Northern Cricket Union
NCU Facebook Page
Cricket Squares - Autumn Renovation Guidelines
September and October will be a busy month for Cricket Groundsmen with thoughts of getting organised to carry out renovation work on the square. The success of any renovation work is generally down to good preparation and timing and getting it done as soon as the season ends. If you do decide to use external contractors to carry out your renovations, ensure they have the relevant experience and machinery to do the job.
The weather will be the most important element when carrying out end of season renovations. You do not want to be topdressing when inclement weather is about because once the soil gets wet, it becomes very difficult to spread.
Timing of operations
Preparing surfaces for renovation
When you finish scarifying and have lifted the debris, cut the square several times in different directions to remove any remaining debris. Lastly, you should then brush the entire square to ensure you are left with a totally clean surface. The channels you will leave from scarifying will provide a seed bed.
Once scarification is completed you should apply the grass seed. Most groundsmen will do this by hand. Ensure that you get as even a spread as possible. There are many varieties of seed available and I would recommend that you ask your supplier what you should use on your square. Next you apply the soil. There are many soil suppliers who can offer advice on what to use. I would recommend you use a loam with a 27% - 32% clay content. Do not use a cricket wicket dressing that has a lower clay content.

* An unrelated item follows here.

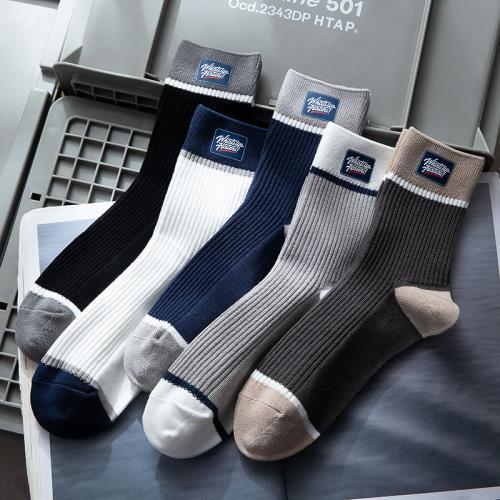 Wholesale Socks made of cotton, casual, quick drying, sports, sweat absorbing, mid tube socks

Spreading of the materials can be achieved by several methods such as a drop action top spreader, by hand using a shovel and a barrow or by emptying bags of soil on each wicket. It is essential that the spreading of the loam is carried out when dry conditions prevail. The amount of loam required for each square will be dictated by the severity of the renovations and how big the square is (number of pitches on the square). Loam materials are generally supplied in 25kg bags, most club groundsmen usually spread between 5-6 bags of loam per pitch.
Do one pitch at a time and once the loam is spread on the pitch use a lute or drag brush/mat to restore the level. When all pitches are completed use the drag mat /brush to level the entire square. After top dressing and seeding, if it does not rain for 3 - 4 days, you may be required to water the square. The seed will germinate over a period of 10 - 14 days and once the sward is well established, roughly between 3 to 4 weeks after germination, you should cut your square to the height of 1 inch.
3 – 4 weeks after seeding
6 – 7 weeks after seeding
You may need to cut your square again in November depending on the growth. You should also fertilise the square at this stage to help it through the autumn/winter period. Apply a low Nitrogen (N) fertiliser product, something with a mix of 5:5:15.NPK. You should fertilise again in January/February to ensure that the grass remains healthy. Do not fertilise when frost is prevalent as this will damage the grass.
Between November and early March, AERATION IS ESSENTIAL to relieve compaction and encourage root development. Use a solid tine spiker every 4 – 6 weeks and try to spike to a depth of 4 inches.
Depending on the growth of your sward during the winter, you may need to cut your square again, keeping it at a height of 1 inch.
Towards the mid/end of March, apply a fertiliser with a higher level of Nitrogen (9% - 12%). You may need to use a fertilise that that has Iron in it as this will kill any moss that may have appeared during the winter months. The higher level of Nitrogen will increase the sward of grass which is essential to make good wickets.